Howie Rose blew off historical event for legendary Tom Seaver game: ‘A keeper’April 22, 2020
Howie Rose can’t swear that Cardozo High gave the students the day off on April 22, 1970 in order to celebrate the first-ever Earth Day, which will celebrate its golden anniversary Wednesday.
But there was a terrible overcrowding problem that spring at many of the city’s schools. Many were divided into two sessions; Rose was assigned the afternoon half, usually attending classes from 12:30 to 5:30 p.m. Anyway: a whole lot of his classmates were bound for Manhattan that Wednesday afternoon, for a rally that would draw tens of thousands of ecology-minded souls. School seemed, at best, optional that day.
So Rose and his buddies took advantage the best way they knew: they hopped on the Q-27 bus at 73rd Avenue and Springfield Boulevard in Bayside, took it to Roosevelt Avenue and Main Street in Flushing, then hiked the final portion over the Roosevelt Avenue Bridge to their own important rally: Mets versus Padres, Shea Stadium, 2:05 p.m.
Tom Seaver on the bump for the Mets.
“We could’ve taken the subway that last portion of the trip,” Rose says. “But that was 20 cents better saved for a soda or a hot dog. And, look, we were 16 years old. It was Seaver. That was a lot more of a draw for us than Earth Day. I’ll admit that completely.”
What Rose and his buddies saw that day made their decision seem all the more inspired. Seaver scuffled early, allowing a home run to Al Ferrara. The Mets scratched across runs in the first and third, and that was going to be it for Seaver, who spent his entire Mets career guarding slim one-run leads.
With two outs in the sixth, Seaver struck out Ferrara with a 1-and-2 fastball. That gave him 10 whiffs on the day, which already justified the field trip.
“It was the Padres, an expansion team and a terrible one, and it was Seaver, coming off 25-7 and the Cy Young Award,” Rose says. “To us it was a simple choice: we had a very good chance of seeing a win.”
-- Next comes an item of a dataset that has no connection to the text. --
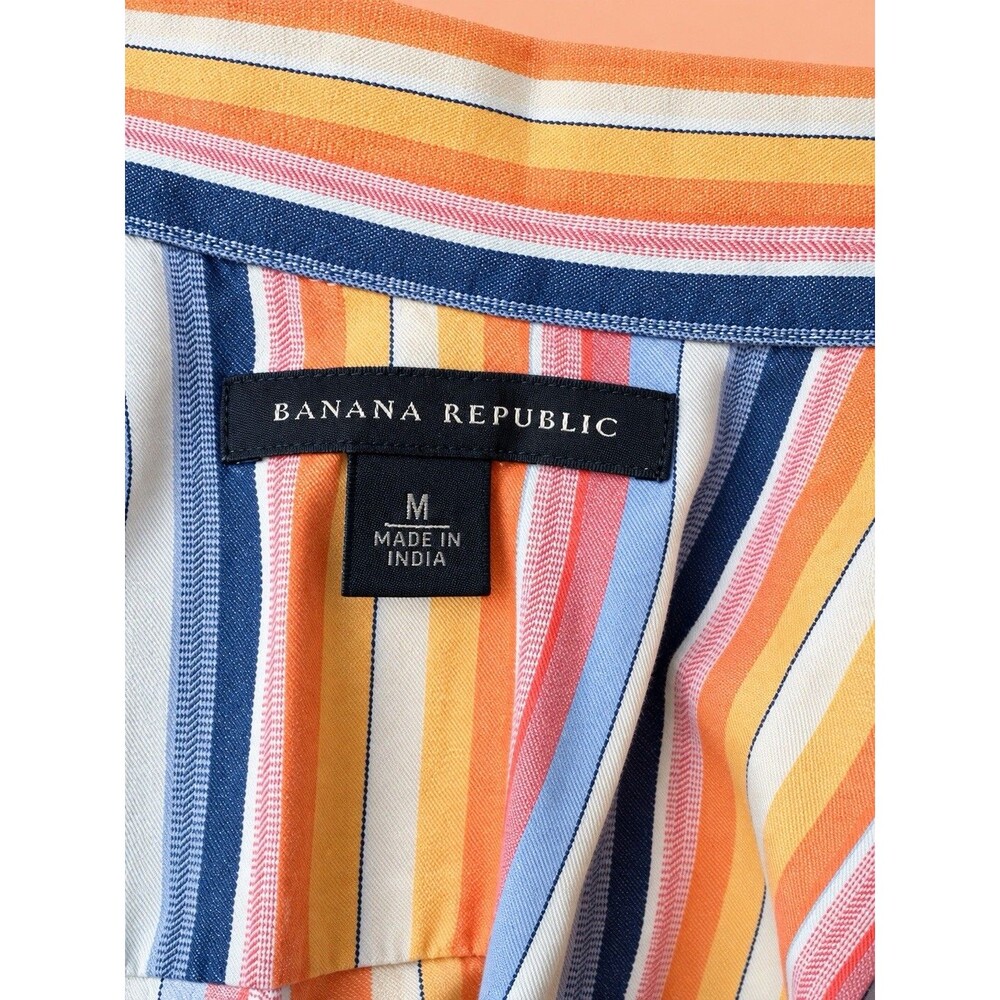 Banana Republic Women’s Multicolor Striped Embroidered Shirt Size M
In fact, the day had started off with Seaver officially presented his Cy Young plaque in a pregame ceremony. As the innings passed, the modest gathering of 14,197 seemed to quadruple in volume, quintuple in force.
Seaver struck out Nate Colbert, Dave Campbell and Jerry Morales in the seventh. He fanned Bob Barton looking, Ramon Webster swinging and Ivan Murrell swinging in the eighth. That gave him 16, breaking by one the team record Nolan Ryan had set only four days earlier. Rose already had one forever Seaver memory engraved in his soul: he’d been to Seaver’s Imperfect Game against the Cubs the previous July 9, the night Jimmy Qualls spoiled Seaver’s bid for immortality.
“The thing about Seaver, it wasn’t the same as years later, when Dwight Gooden was at his peak,” Rose says. “In Gooden’s case, when he got a hitter to pop up there was an audible groan. It was different with Seaver. You just knew he was the best in the sport and you just had to be a part of that.”
Van Kelly stepped up in the ninth, flailed at a high fastball. Cito Gaston stared at a nose-to-knees curveball for strike three. And up stepped Ferrara.
“The whole day, basically what we were watching was Seaver and Jerry Grote having a catch,” Rose says. “But it was a 2-1 game. Ferrara had already hit one. That’s what we were worried about. Every game he pitched was 2-1 or 1-0.”
(That’s not hyperbole. In his career as a Met Seaver won six 1-0 games — and lost nine of them. And he pitched, incredibly, in 38 2-1 games, winning 23.)
Seaver got to 1-and-2 on Ferrara. One more drop, one more drive, one more smudge on his right knee. Ferrara never saw it (and Shea’s shadows had grown awfully long by then).
“Forget Ferrara,” Rose says, laughing. “I’m amazed Grote saw it.”
The 19 strikeouts were amazing enough, but that record had been topped four times across the past 50 years. The 10 in a row to end the game? That’s a record that still stands. That one Seaver keeps all these years later. He never got his perfect game. Others have won 300. Nobody has ever struck out 10 in a row. Not since Earth Day, April 22, 1970.
“That,” says Rose, “is a keeper.”
Wednesday night, WFAN will rebroadcast the game. Rose, who long ago made the trip from Bayside to broadcast booth, will host the pregame. His research will consist of scouring an encyclopedic brain programmed with more Mets memory than just about anyone alive.
“I’ll be honest,” he says. “I’m glad I didn’t give a rat’s tail about Earth Day when I was 16.”